Sunday, November 30, 2014

Lazy Sunday # 352: The Unheard Voices

Fourteen weeks ago, I wrote a post about the reaction to the killing of Michael Brown in Ferguson, Missouri.

It was based on my experiences shadowing cops while writing and producing the CBS TV series “Top Cops” and my belief that this was an example of the “Killer Cops targeting young Black Males” narrative on social media would ultimately be revealed as false.

I also suggested people wait to hear the whole story before reaching conclusions.

For having those opinions I was widely branded as out of touch and insensitive at best and a Racist at the other end of that scale.

No doubt, I’ll be getting more of the same after what follows. Once people have become invested in a position, it’s difficult to shift their perspective.

But for what it’s worth…

Here we are three and half months later. A Grand Jury has ruled that the officer in the case did not act inappropriately and a St.Louis County investigation has revealed that several witnesses knowingly falsified their statements or went along with the “Killer Cop” narrative for fear of reprisal.

But the narrative continues. And the haters, the race baiters and the media cheerleaders of doom continue to stoke the fire. They all say they’re doing it to create a teachable moment or encourage change.

But I wonder if they’re only listening and reacting to each other and not paying attention to the people who actually live, work and police in towns and neighborhoods like Ferguson.

It’s tough living in a tough part of town. It’s just as hard to be charged with providing law enforcement there. The vast majority in both of those communities just want to get through their day without encountering any more crap than they already have to deal with.

But few in the media and, it seems, fewer with an activist agenda have any time for what those two communities know from experience.

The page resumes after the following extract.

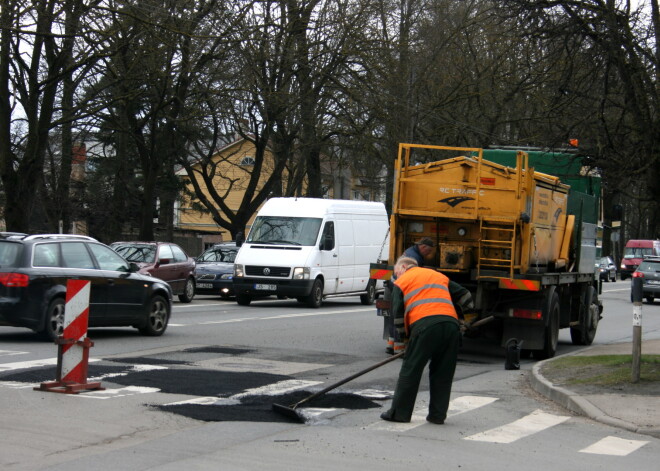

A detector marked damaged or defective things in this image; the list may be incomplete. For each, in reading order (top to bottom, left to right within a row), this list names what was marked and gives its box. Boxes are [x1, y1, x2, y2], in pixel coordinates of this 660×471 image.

fresh black asphalt patch [157, 390, 382, 424]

Because what they know doesn’t fit with the accepted narrative and suggests a more complicated path to peace and understanding.

Maybe it’s time those unheard voices got to say their piece.

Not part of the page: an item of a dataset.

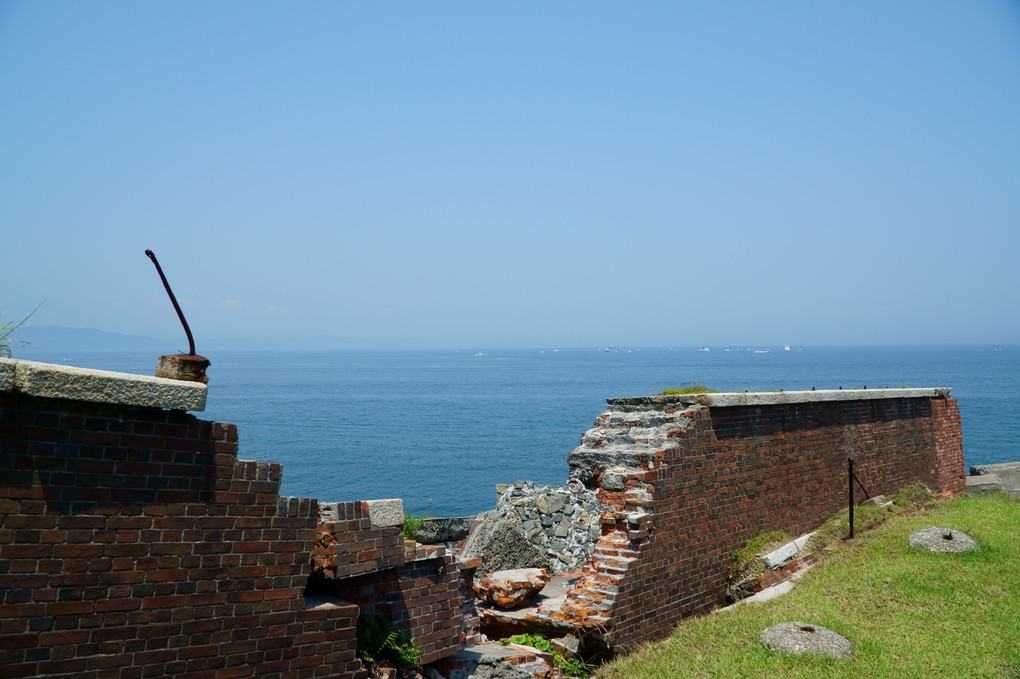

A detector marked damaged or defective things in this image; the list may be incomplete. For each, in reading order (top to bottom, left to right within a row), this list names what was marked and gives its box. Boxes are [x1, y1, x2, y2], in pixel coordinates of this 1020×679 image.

rusty iron rod [146, 250, 196, 356]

Maybe it’s time more of us listened.

Enjoy Your Sunday.

Saturday, November 29, 2014

Forgotten Movies

Recently, Esquire Magazine published a list of 15 “Forgotten Films”, movies they felt had been undeservedly ignored and required an opportunity to be re-discovered.

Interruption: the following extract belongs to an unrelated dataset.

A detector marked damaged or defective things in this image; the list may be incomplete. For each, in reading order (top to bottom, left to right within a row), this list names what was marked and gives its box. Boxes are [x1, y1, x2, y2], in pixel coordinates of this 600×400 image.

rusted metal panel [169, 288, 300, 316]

Among them is a film I’ll never forget –- because its failure brought down a Canadian film I was in that barely ran through a projector thereafter.

The year was 1973 and the film on Esquire’s list is “Scarecrow”. It had the finest of credentials, a critically acclaimed director, an experienced writer and producing team, as well as Hollywood’s two hottest stars, 1971 Oscar winner Gene Hackman and 1972’s star of “The Godfather” Al Pacino. 

The Canadian film it impacted was called “The Supreme Kid”, a first feature for its writer/director, a first time producer, not much money and four relative newcomers onscreen.

The film starred Frank Moore, fresh from playing the lead in the Toronto production of “Hair”. Helen Shaver, making her screen debut. A wonderful Vancouver actor, Don Granbury, and a grizzled vet with two features and a CBS pilot under his belt –- me.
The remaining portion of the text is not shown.